Don We Now Our Gay Apparel
Longtime readers of this blog know that our dog wears clothes, as he has since puppyhood, and he has no problem with it. If he did, I wouldn’t do something that upsets him. Not all dogs are into fashion. Not all dogs like wearing clothes. If this is the case and your dog is truly upset or stressed by it, don’t do it. However, many dogs just need a little coaxing and positive reinforcement. This means no yelling, getting frustrated, forcing a dog to wear clothes, or in any way getting upset. This means starting with a bandana and if the dog allows this and walks around with it for a minute or two, reward him and praise him like he just won a dog show.
Down Time For Doggie
With all the hustle and bustle of the holidays and visitors, a dog’s routine gets out of sorts. Make sure the dog has access to a quiet room, kennel, or space where he or she can escape from the excitement. That escape should be free of any holiday dangers like electrical wires, cords, candles, foods, etc.

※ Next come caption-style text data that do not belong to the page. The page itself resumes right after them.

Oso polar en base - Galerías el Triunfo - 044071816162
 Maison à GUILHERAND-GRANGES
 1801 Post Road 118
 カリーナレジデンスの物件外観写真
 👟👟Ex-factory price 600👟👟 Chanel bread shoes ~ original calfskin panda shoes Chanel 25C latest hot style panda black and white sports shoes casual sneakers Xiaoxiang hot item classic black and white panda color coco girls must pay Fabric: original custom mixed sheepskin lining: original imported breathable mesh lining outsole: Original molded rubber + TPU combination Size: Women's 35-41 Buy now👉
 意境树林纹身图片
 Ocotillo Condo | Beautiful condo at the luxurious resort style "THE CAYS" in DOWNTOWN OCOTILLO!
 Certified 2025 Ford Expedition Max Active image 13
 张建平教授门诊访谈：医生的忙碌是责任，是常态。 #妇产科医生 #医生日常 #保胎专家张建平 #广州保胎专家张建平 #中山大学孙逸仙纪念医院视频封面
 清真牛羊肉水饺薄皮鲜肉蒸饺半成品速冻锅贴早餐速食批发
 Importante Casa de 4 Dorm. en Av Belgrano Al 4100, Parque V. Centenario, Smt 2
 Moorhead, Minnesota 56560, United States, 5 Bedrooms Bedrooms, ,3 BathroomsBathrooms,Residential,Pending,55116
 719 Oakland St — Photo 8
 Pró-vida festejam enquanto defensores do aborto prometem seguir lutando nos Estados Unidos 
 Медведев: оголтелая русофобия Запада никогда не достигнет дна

Santa Bring My Baby Back To Me
Never punish a dog if he does something that you are not happy about; dogs respond to positive reinforcement. If a puppy is not cooperating or not doing the desired behavior during training, it isn’t that he is being “spiteful” or defiant: He is just being a puppy and your behavior needs to be modified. Consider the task at hand and reconsider how you are training. Also, it could be the puppy isn’t ready for that task or is distracted. The same holds true for adult dogs. If an adult dog does something you are not pleased about, never “punish” or “banish” them to a kennel.
Dogs are pack animals, so safely and with supervision include them in your holiday plans.
Lost in the Night and Hating the Holidays
No one wants their dog to go missing or bolt out the door, never to be seen again. Be sure dogs are kept away from doors and the comings and goings associated with the holidays. People may arrive at any given time, there are deliveries being made, and a lot of hubbub taking place.
Should the worst happen and your dog accidentally gets lost, here is a comprehensive list to help find a lost dog.
Protect Dogs from Theft
There are vile people in this world who concoct horrific ways to steal your dog away for drug money, dog fighting, to sell to a lab, or worse. There are ways to protect your dog from being stolen. Criminals attempt to break into your home to steal presents, knowing the holidays are a time of year when people are shopping and bringing their haul back home.
I know of several dog parents who had their homes broken into and their dogs set free into the streets so the criminals could do their nasty business.
Here’s how to protect your dog from being stolen.
Accidents Happen: Be Prepared
Do you know what to do in the event of an emergency with your dog? One of the worst things that has ever happened to me occurred with my first Cocker Spaniel. She was eating a bully stick and started to choke. I knew she had likely broken a piece off and it lodged somewhere in the back of her throat or down her throat. She started to panic and tried to breathe, but she was gasping. I tried to recall the Heimlich maneuver I learned from a first aid class I took years before, and the first thing they told us was to look into the mouth for anything obstructing the airway. By the grace of Dog and God, I saw a piece of treat lodged in the back of her throat. I have no idea how my fingers reached so far back, but I did and gently pulled the bully stick piece from her throat. I started crying and hugging my dog. I never ever want to go through that again.
Here are some of our favorite tips for what to do in a dog emergency.
Bonus Tip: Give the Gift Dog Parents Don’t Expect
What should you get for the dog parent who has everything? How about an updated first aid kit for their dog(s)? Whenever I give this gift, it is well received and people remember that gift for a long time.
Here’s a list of items to put in a dog first aid kit.
Our pal, Melissa Clinton, of Barking From the Bayou, share her humorous paw-spective take on dogs and holidays so stop by her blog, too.
Hating the holidays is not something dogs should do, so together we can ensure they have a fun and safe time!